Le misure proattive potrebbero includere l’adozione di una politica sulle molestie sessuali, la formazione del personale, un meccanismo che consenta ai lavoratori di segnalare eventuali problemi e quindi garantire che venga condotta un’indagine completa e che vengano adottate le misure appropriate.

“Le preoccupazioni non dovrebbero essere nascoste sotto il tappeto o ignorate, né i datori di lavoro dovrebbero attuare misure e poi andarsene pensando di aver concluso il loro lavoro”, ha affermato Palmer.

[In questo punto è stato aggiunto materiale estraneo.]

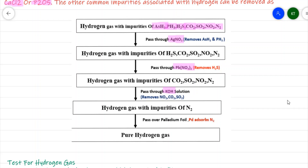The hydrogen gas still contains nitrogen as an impurity. This gas is passed over a palladium foil, which adsorbs the nitrogen — adsorption is a surface phenomenon where gas accumulates on the surface. The nitrogen is adsorbed onto the palladium, and pure hydrogen gas is set free.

“Queste misure devono essere riviste regolarmente, per valutarne l’efficacia e aggiornarle laddove vengano individuate lacune o modifiche alla legislazione”.

Tuttavia, un sondaggio pubblicato oggi dalla società di consulenza sulla diversità INvolve suggerisce che le organizzazioni hanno ancora molta strada da fare per garantire che le donne si sentano completamente sicure sul lavoro.

È emerso che il 55% delle donne si sente a rischio di molestie sessuali sul lavoro e quasi una su 10 (8%) ritiene che questa minaccia sia significativa.

Il fondatore e CEO di INvolve Suki Sandhu ha affermato: “I leader devono assumersi la responsabilità e farsi carico del vero cambiamento, colmando il divario tra impegno e azione e adottando misure efficaci e preventive.

“I datori di lavoro devono garantire la sicurezza e il supporto delle donne e fare tutto il possibile per sradicare le molestie sessuali dal posto di lavoro”.